Single Point of Failure
A Single Point of Failure or SPOF is a point in a system (in our case, a rope system), that if it fails, the whole system fails. The idea of Single Points of Failure is the basic concept in understanding the application of backup in rope work.
"Even though it contains the word "single", a system may have multiple SPOPF.
- In many cases, the human is an SPOF. Two obvious examples are the belayer in top rope and rappelling with a prussik.
In rope rescue situations it is recommended not to have any single points of failure. We eliminate SPOFs by doubling the systems, coupling them or simply backing them up. In climbing, rappelling and canyoning there usually are SPOFs that cannot be eliminated for reasons of practicality and ease of use. Some SPOFs are intentional, like when rapping of a trad route.
A useful exercise for understanding SPOFs is:
List all the SPOFs in a top rope system (solution can be found here).
When the system is build, SPOFs should be analyzed, evaluated and, if needed, eliminated. We know that most failures are due to human errors, either by misjudgment, by wrong application of parts of the system, or by using an altogether unsuitable technique or pieces of gear. A negligible fraction of accidents are due to gear failure.
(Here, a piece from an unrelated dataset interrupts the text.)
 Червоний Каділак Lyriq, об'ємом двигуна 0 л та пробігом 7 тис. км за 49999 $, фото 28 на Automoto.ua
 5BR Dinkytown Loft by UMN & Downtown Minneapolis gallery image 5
different approaches to backing up
There are two basic approaches to backup in a rope system:
backup only where it's needed
The first approach is to backing up only where backup is needed. This decision is in the hands of the person who sets up the rig. According to that perception, whether to backup and the mode of backing up are subjective and are highly dependent upon the rigger, his skills and experience, and on the way he sees the dangers.
the points that need backup are of two types:
1. Points that have a higher chance for gear failure. For example:
- A Biner's gate that is located on a rock edge is pushed against it and can accidentally open. In this case a second, reversed biner would be a proper backup.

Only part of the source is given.